Task: The task calls for the lines below from the line with "Raveena Tandon At" to the line with "NOMINE(ノミネ)の「【", both ends included, copied exactly, without any pictures.

Supplied data:
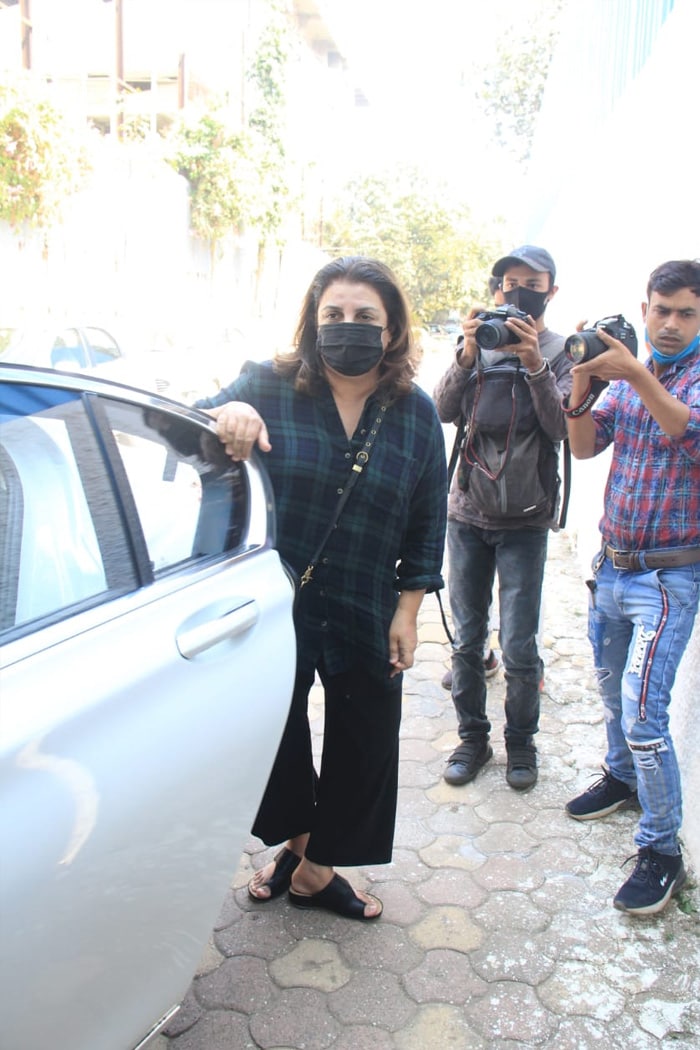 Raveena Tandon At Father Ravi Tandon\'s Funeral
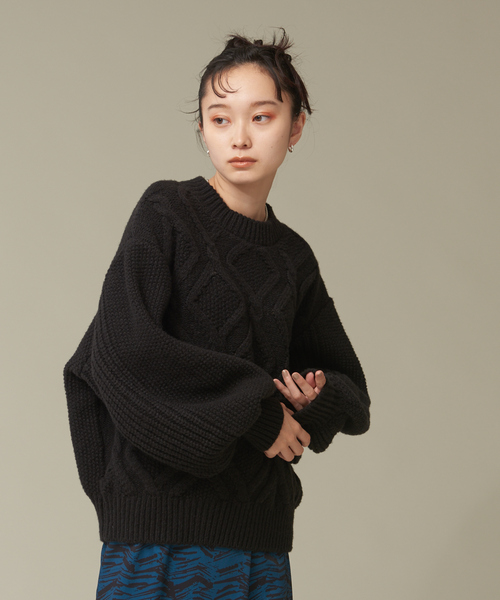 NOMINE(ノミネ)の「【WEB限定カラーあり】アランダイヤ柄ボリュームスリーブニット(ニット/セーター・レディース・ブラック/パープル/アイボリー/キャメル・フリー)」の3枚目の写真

...

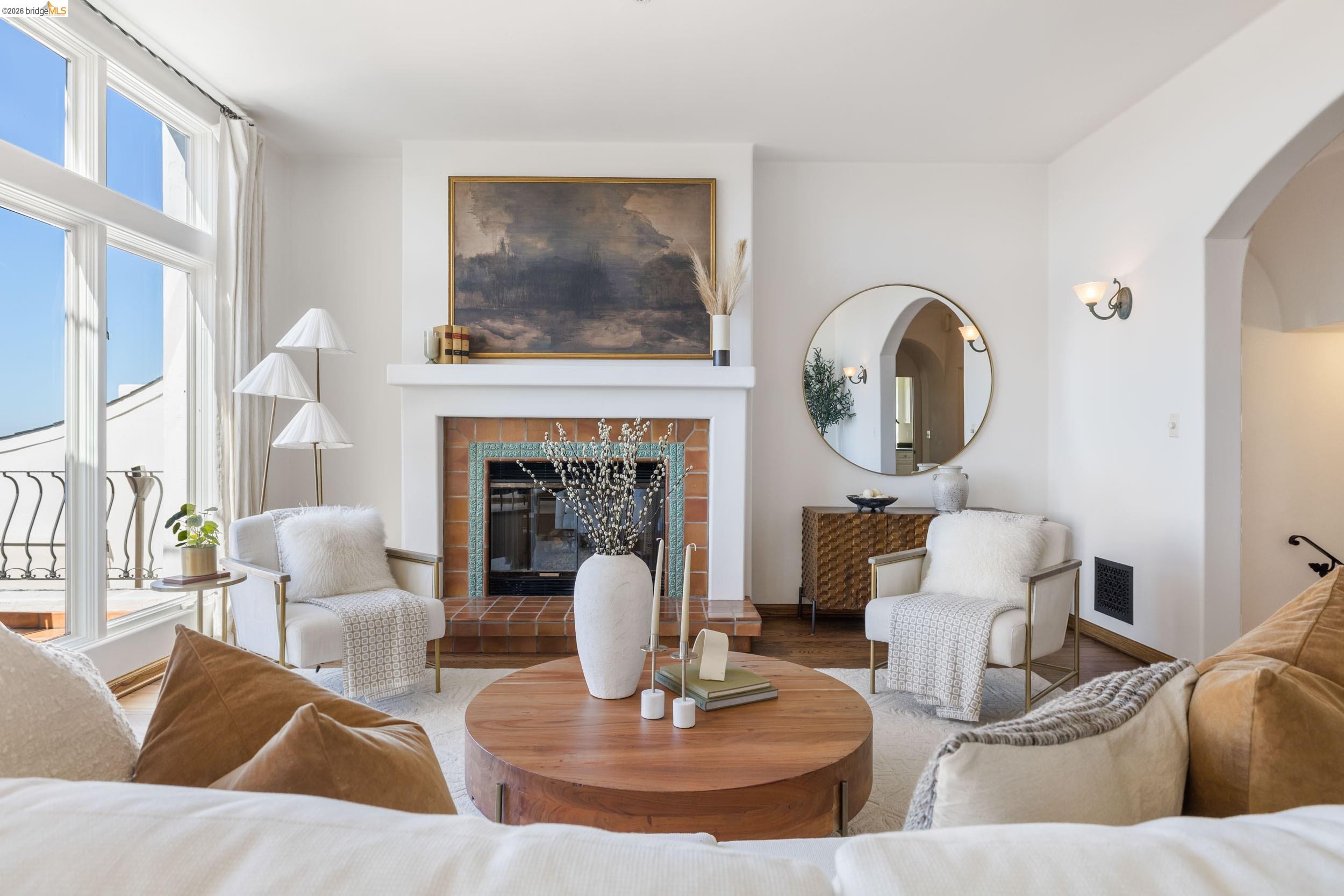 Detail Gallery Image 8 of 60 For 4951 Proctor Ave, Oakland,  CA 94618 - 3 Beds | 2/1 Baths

Answer space:
 Raveena Tandon At Father Ravi Tandon\'s Funeral
 NOMINE(ノミネ)の「【WEB限定カラーあり】アランダイヤ柄ボリュームスリーブニット(ニット/セーター・レディース・ブラック/パープル/アイボリー/キャメル・フリー)」の3枚目の写真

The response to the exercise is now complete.